How bold is HP’s vision for the Machine? The last time a broad-based computing architecture was conceived was the Von Neumann architecture in the 1940s. Nearly everything that has happened in computing since—the PC, the Internet, Silicon Valley itself—has largely relied on it.

The Machine builds on projects HP Labs has been working on as long ago as the 1990s, including memristors that fuse memory and storage, silicon photonics that can transfer data many times faster than copper wires, and servers that use a tenth as much energy as current ones. Now HP (HPQ) is creating a new operating system to run on the Machine’s next-generation hardware.

In an era where innovation often seems to be the province of startups, the Machine is a potentially game-changing project that only a giant with decades of experience could build. We talked to Martin Fink, HP’s chief technology officer and the director of HP Labs, about how the company went about building the Machine as well as the 75-year-old company’s approach to innovation.

Fortune: How does HP Labs cultivate new ideas?

There is both a top-down and bottom-up element to the innovation process. For the top-down, every year we refresh what we call a mega-trends document. It looks at what is happening all over the planet—economic trends, social trends, GDP rates—that impact the computing landscape. So something like the Internet of things might come up, and we try to translate that into what that means for HP.

The bottom-up process is more what I would consider serendipitous inventions. A lot of times I remind people that invention is not something that you can program, predict or dictate. Disruptive innovations tend to be ideas that come up from specific engineers, in some cases through the strangest of ways.

To make that real, I’ll give you the concrete example of how inkjet printing was born 30 years ago. An engineer came to work, went into the coffee room, poured his coffee, and the coffee machine did the percolation effect of hot water going through a spout. And he thought to himself, “What if I heat up in some ink and shove it through a spout?” And inkjet printing was born from that very serendipitous event, which could not of been planned predicted or programmed in any particular way.

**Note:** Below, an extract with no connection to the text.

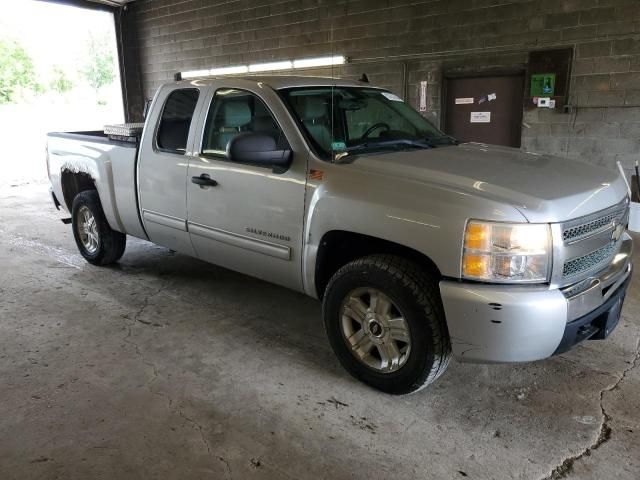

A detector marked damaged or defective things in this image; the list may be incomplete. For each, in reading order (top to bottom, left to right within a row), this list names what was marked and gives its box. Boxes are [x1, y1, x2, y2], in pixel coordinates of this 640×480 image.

cracked pavement [3, 182, 640, 478]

The step up from there is the cultural process. So for the engineer in the coffee room, the cultural process made it easy for him to test out his idea and translate that into a real technology. There’s a cultural facility that we have that allows people to try out and just test ideas and thoughts, etc. And then kill those that don’t pan out. And then try out the next ones. That’s how it works, I often say process and innovation are two words that don’t belong in the same sentence. And so I try to encourage as much serendipity as I can.

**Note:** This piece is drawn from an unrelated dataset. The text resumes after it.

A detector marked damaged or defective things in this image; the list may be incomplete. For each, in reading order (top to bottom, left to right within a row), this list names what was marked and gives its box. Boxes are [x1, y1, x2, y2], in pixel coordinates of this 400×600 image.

How has the idea of the Machine evolved? It uses several different technologies coming together under this one umbrella of the Machine.

There was a mix of serendipity and responding to market conditions that got us to the Machine. Before I showed up, a number of areas were active, namely memristor research, photonics research, and research you might recognize as Moonshot [the company’s software-defined servers], having more specialized processing. I did an inventory of all the stuff that was going on in HP Labs and these three were obviously ones that were being actively worked on and investigated.

I started to understand the physical limitations of the DRAM and flash [memory] and the limitations of continuing try to jam electrons through copper. As a team, we got together and connected all those dots and saw that we could actually end up with an interesting and radically new computing architecture.

A lot of times people like to think that there is some Big Bang event that occurs. It always tends to be, and in this case, over a period of weeks of months of iterating through each of the technologies and going through what I like to call the aha moments where you say, “Well, that’s different.”

If we spin things forward over the next several years as the Machine becomes something that people use, what kinds of challenges do you expect and what are some of the key things that need to be accomplished?

Let’s assume all this works and you have a new architecture of computing, and it’s the first time we’ve changed the architecture of computing since the 1940s with Von Neumann. And this new architecture applies equally to phones, tablets, laptops, servers, supercomputers, whatever. The single biggest challenge you get to is rethinking how software works on that kind of machine.

We have spent every ounce of software programming since the 1940s building toward this Von Neumann construct where you have a CPU, main memory, and storage. Now for the first time, you have CPU and universal memory—and that’s it. And we have talked about this with a lot of customers along the way, and invariably customers kind of walk away thinking, “Wow, in order to fully leverage this I have to rethink how I do software.”

It’s very rare that the world flash-cuts from the old to the new. Companies need some kind of transition vehicle. So the biggest challenge and responsibility that HP will have is, how do we make your current world work and look like it does today but working in a Machine context? And how do we allow you to write a new class of apps, so that over a period of probably a couple of decades, quite frankly, the software world can transform?

Let’s say everything goes right and this transforms how computing works. How does this affect how people use computing in the future?

One of the reasons that were doing this is that, as a result of compute and data being very tightly close together, we can be far more efficient in performance. The second big, big thing is energy consumption. When you are not consuming any electricity to maintain your data, your energy consumption curve goes down dramatically. And then tied to that is the photonics angle because I can get significantly more bandwidth through a pipe, but as I get to extreme levels of bandwidth I do it at an energy curve that is far, far, far less than what is being used today.

So back to the original conversation around the mega-trends: They told us that we were building data centers at an alarming rate and the biggest problem that people have in creating data centers is that they can’t get energy to the data center. That was probably the single biggest part of the mega-trend analysis that got us to the Machine: How do we continue to store and manipulate data? If we have no more energy available to us, then we’re going to have to do it differently.

Are there thinkers in the past who are an inspiration either to you personally or to HP Labs, or role models that you look to?

If I had to point to one single individual who is influencing me in this journey it would be Joel Birnbaum. He ran HP Labs during two stints, from 1984 to 1986 and again from 1991 through 1999. Joel Birnbaum essentially allowed HP to bring forth RISC computing. He went through what I would categorize as a very similar event where he is trying to take a completely new [microprocessing] architecture, in his day RISC, and work through all of the end-to-end transformations to bring a completely new architecture to market.